==== Dataset section
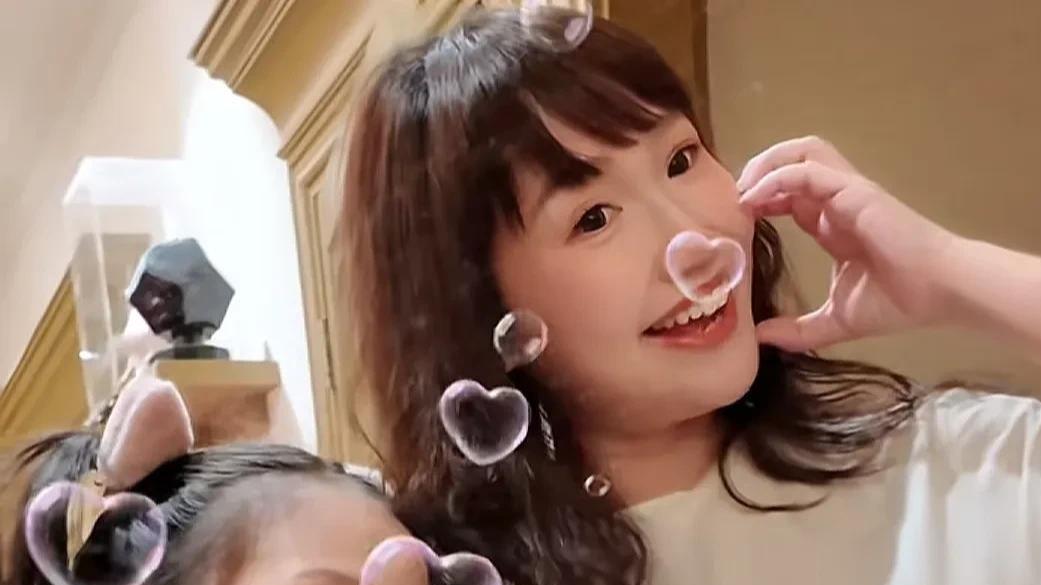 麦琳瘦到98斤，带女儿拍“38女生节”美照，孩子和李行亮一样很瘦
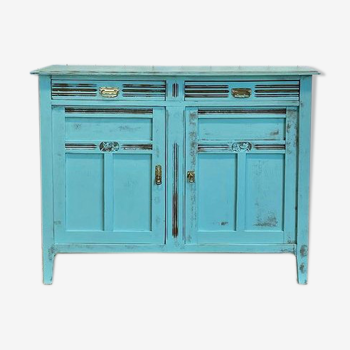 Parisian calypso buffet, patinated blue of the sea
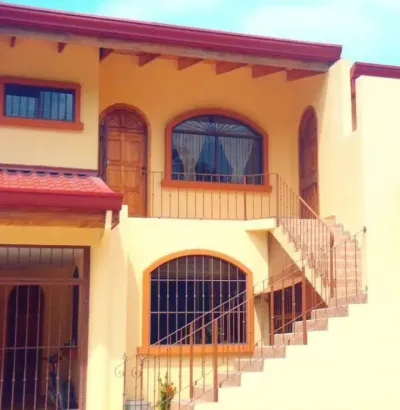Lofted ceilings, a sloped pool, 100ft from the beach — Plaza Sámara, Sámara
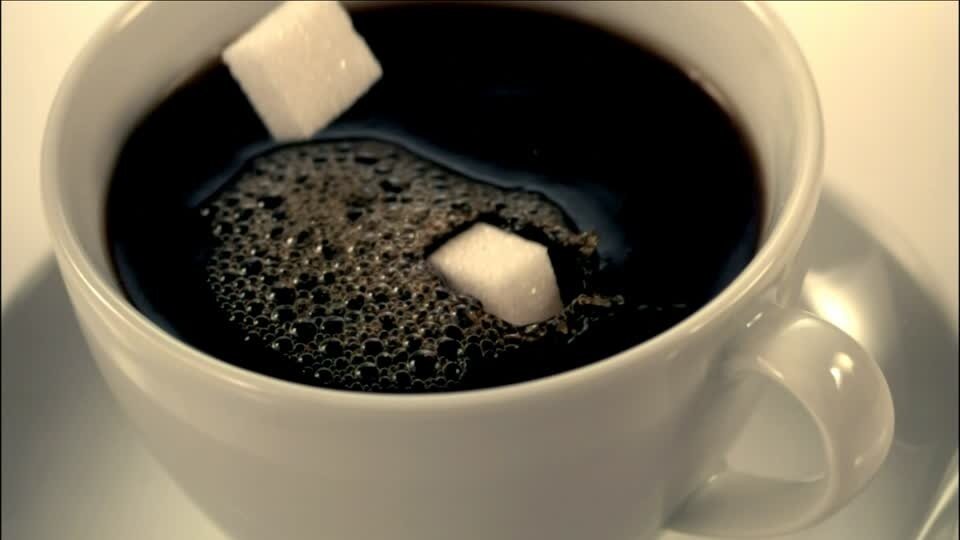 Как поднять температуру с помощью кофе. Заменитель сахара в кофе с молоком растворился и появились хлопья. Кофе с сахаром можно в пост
========
Action item:
Restate the whole listing above exactly, please, omitting every image.

Response area:
 麦琳瘦到98斤，带女儿拍“38女生节”美照，孩子和李行亮一样很瘦
 Parisian calypso buffet, patinated blue of the sea
Lofted ceilings, a sloped pool, 100ft from the beach — Plaza Sámara, Sámara
 Как поднять температуру с помощью кофе. Заменитель сахара в кофе с молоком растворился и появились хлопья. Кофе с сахаром можно в пост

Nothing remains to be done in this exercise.